Mayor, Adrienne and William A. S. Serjeant
2001    The Folklore of Footprints in Stone: From Classical Antiquity to the Present, Ichnos, Vol. 8, No. 2, 143-163.

Tyler, Hamilton A.
1964    Pueblo Gods and Myths, University of Oklahoma Press, Norman.

Saturday, June 7, 2014


Photograph by Paul and Joy Foster,
near Green River, Utah.

In this picture taken by Paul and Joy Foster near Green River, Utah, we see a couple of interesting conundrums. First, in the lower center of the picture we see a seven-toed footprint, or seven-fingered handprint. Then we have the quadruped with its bizarre head; it either sports three horns with two little ears behind them, or one horn with two huge, long ears and two strange little things on the neck behind them.

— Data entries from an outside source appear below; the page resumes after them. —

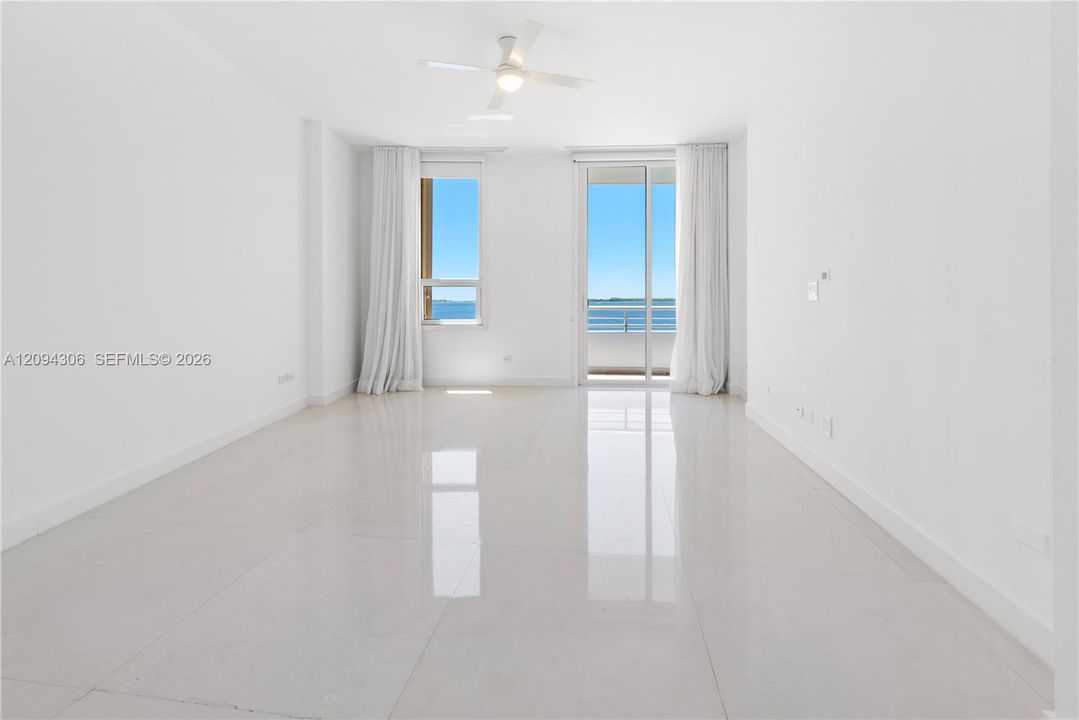 En Venta: $2,370,000 (3 camas, 3 baños, 2520 Pies cuadrados)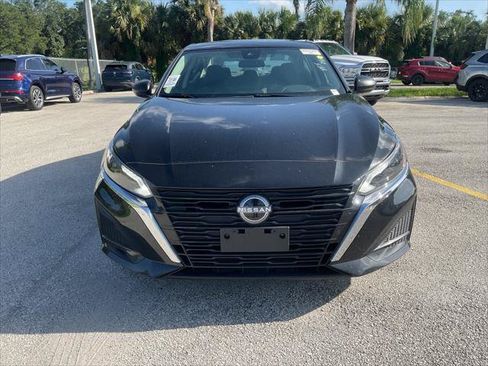 Used 2024 Nissan Altima 2.5 S FWD image 9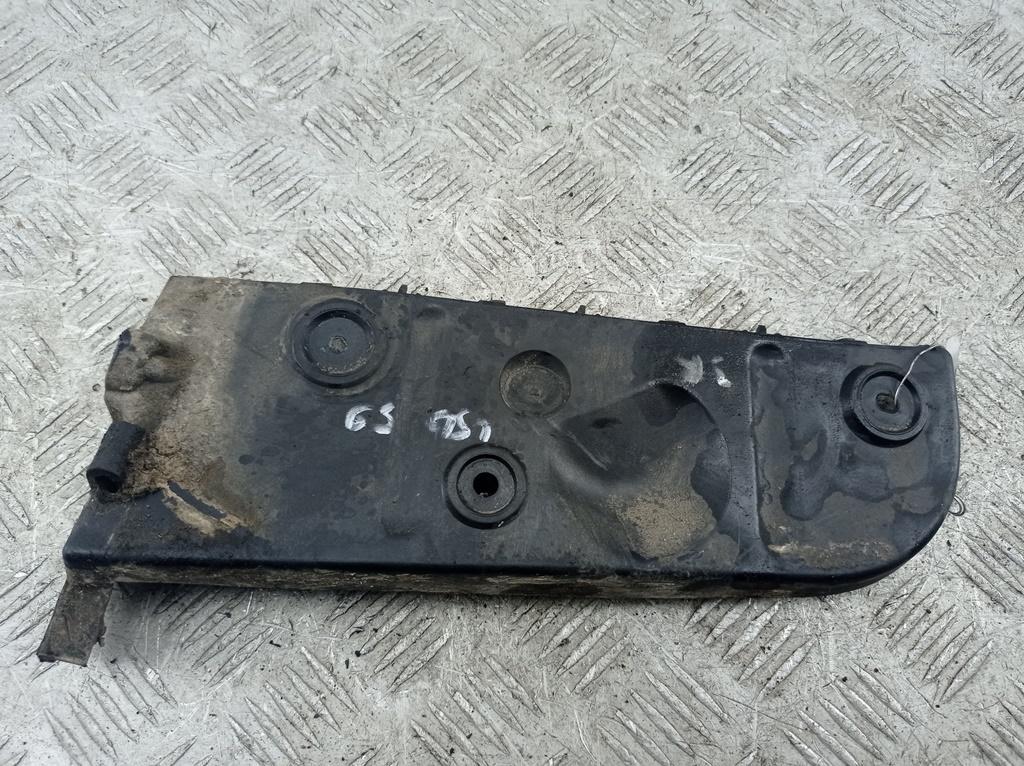 кронштейн заднего бампера Audi A4 B6 2003, 1.9 л., дизель, МКПП, синий, универсал, 8E0807454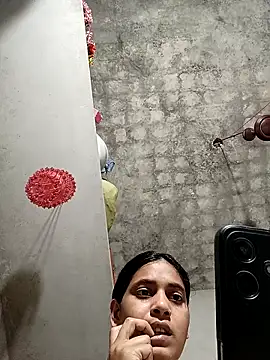 Pari 76 online show from March 18, 2026, 12:41 pm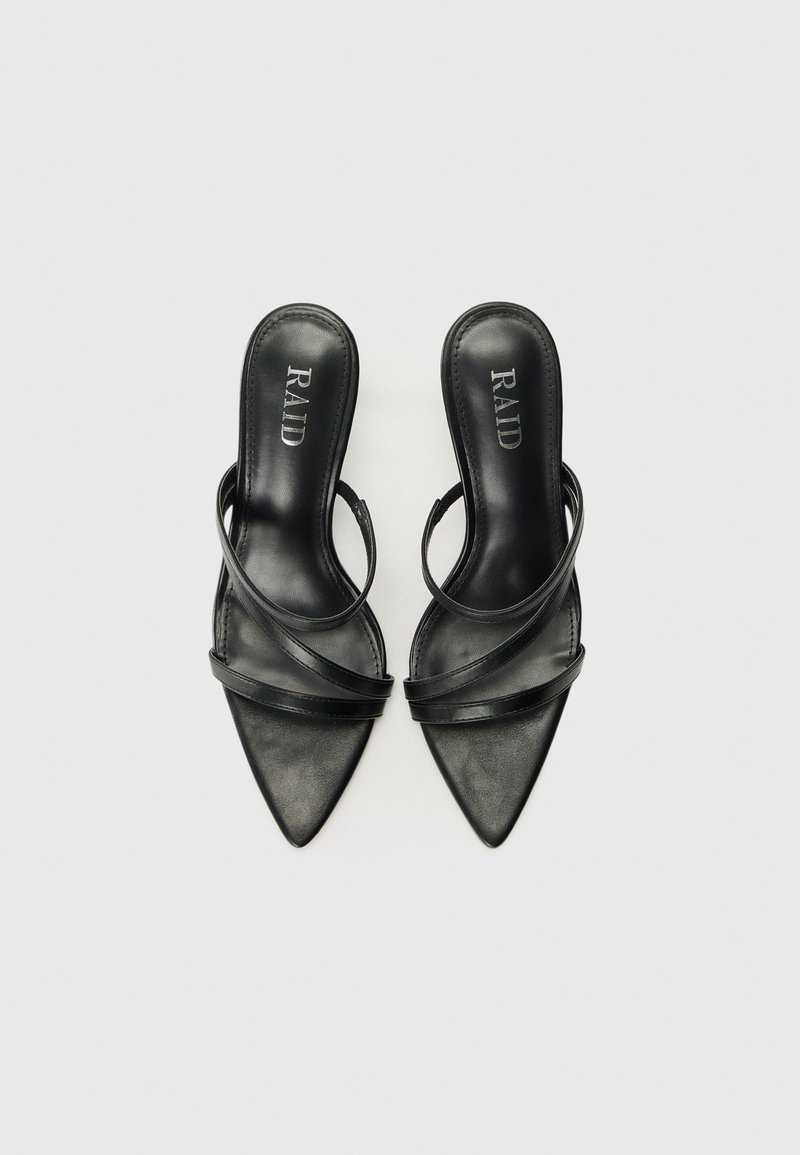 Sandales à talons hauts noires avec un bout pointu, en cuir lisse, présentant plusieurs fines lanières pour un design minimaliste.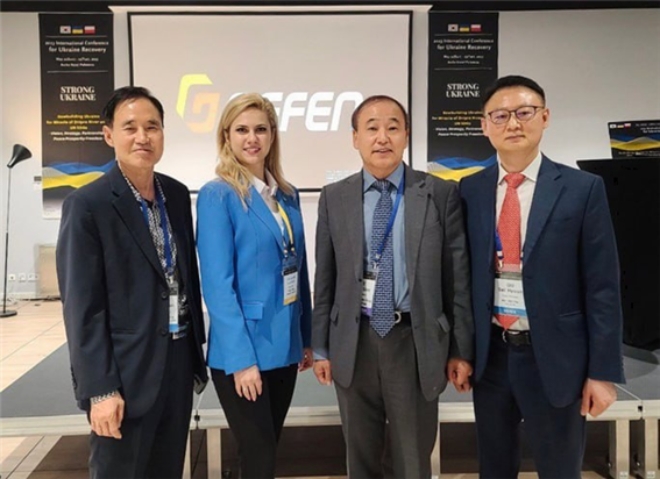 삼부토건은 우크라 현지 도시와 재건를 위한 협약을 맺고 복구사업을 가속화한다고 23일 밝혔다. 사진은 협약 이후 사진 촬영을 가진 관계자들의 모습. (왼쪽부터) 삼부토건 이응근 대표이사, 우크라이나 비니치아주 의회 의장인 엘샤베타 샤브추크, 우크라이나 이양구 전 대사, 웰바이오텍대표이사 구세현. (사진 = 삼부토건 제공)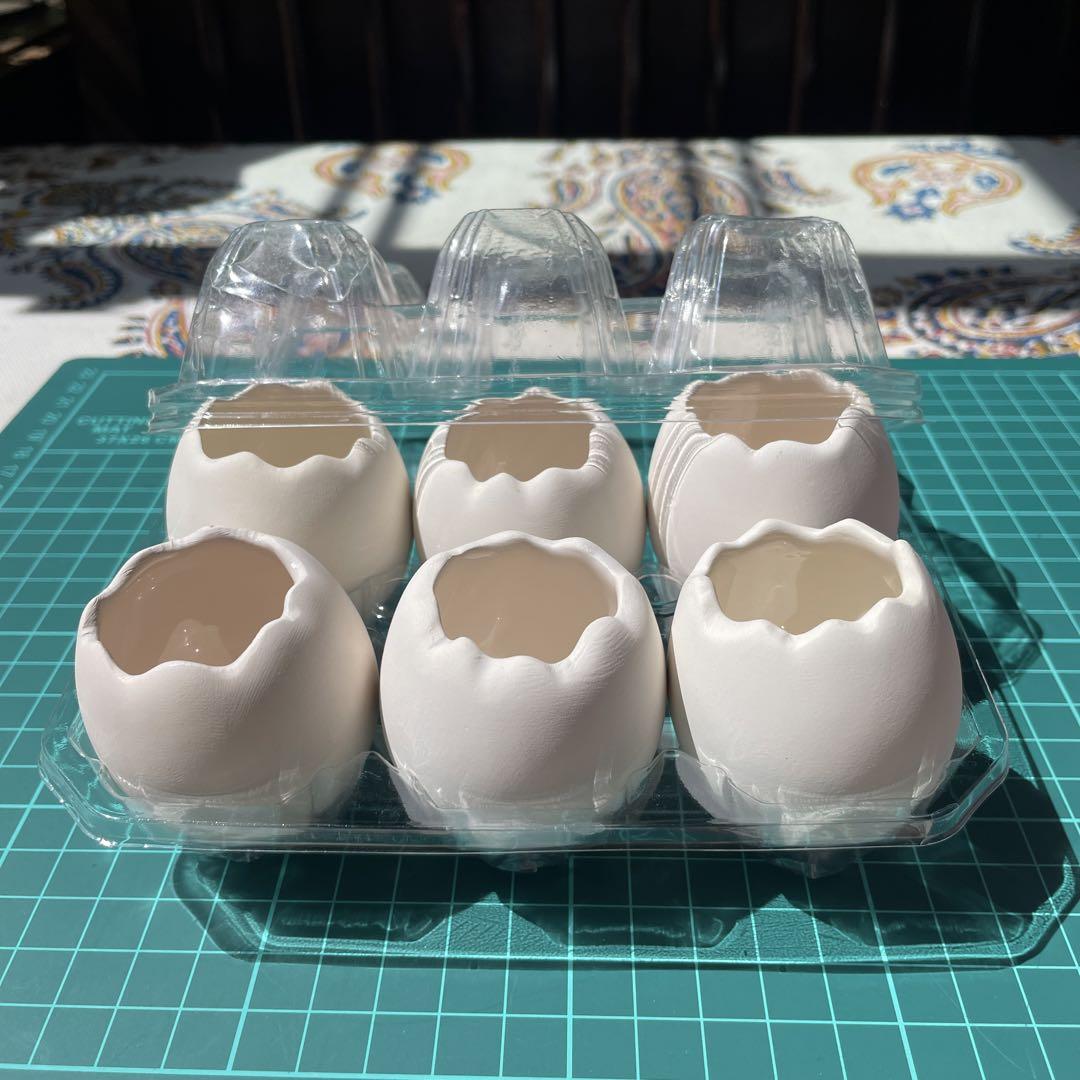 卵から生まれるひよこ 陶器 ソルト＆ペッパー入れ | ansorbet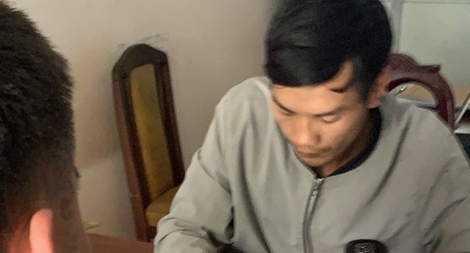 Bắt 3 lâm tặc cưa trộm 11 cây cổ thụ hơn trăm tuổi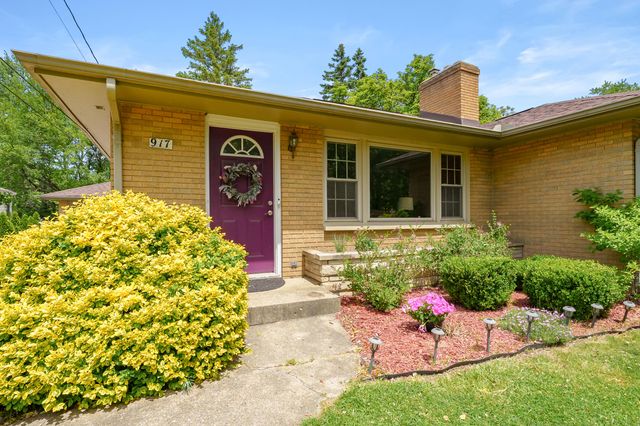 917 Roseland Avenue, Kalamazoo City, MI 49001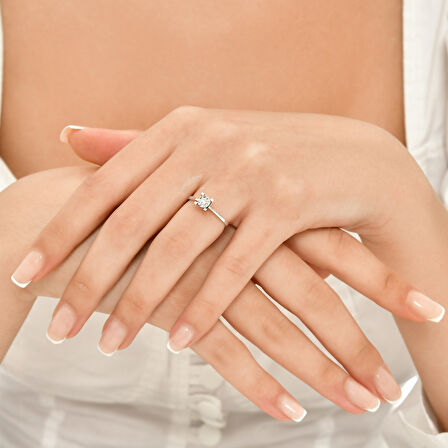 0.05 Karat Pırlanta Tektaş Yüzük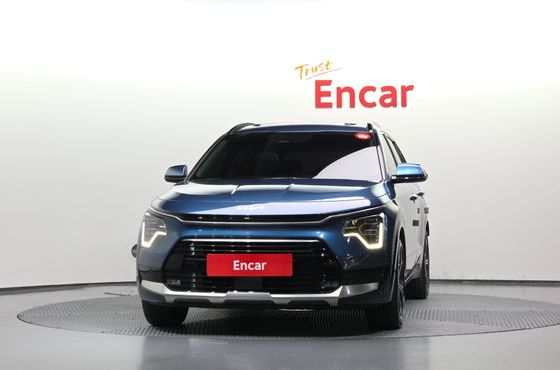 Kia Niro Signature — пробег 37 430 км — фото 3 из 5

The foot/hand/paw print, is an example of extreme polydactylism. The only real clue I can see to its identity would be the length of the toes/fingers. If they are short they should be toes, and if they are long they should be fingers. So, to make it more difficult, of course they are in between. The image has the overall shape of a hand with palm and fingers, but as I said if they are fingers they are pretty short. They are a little long for toes and the shape is really too wide for a footprint. As for the animal, what can I say? Are they claws - they are not curved as claws often are? I just present this as one of the weird ones. What's your guess?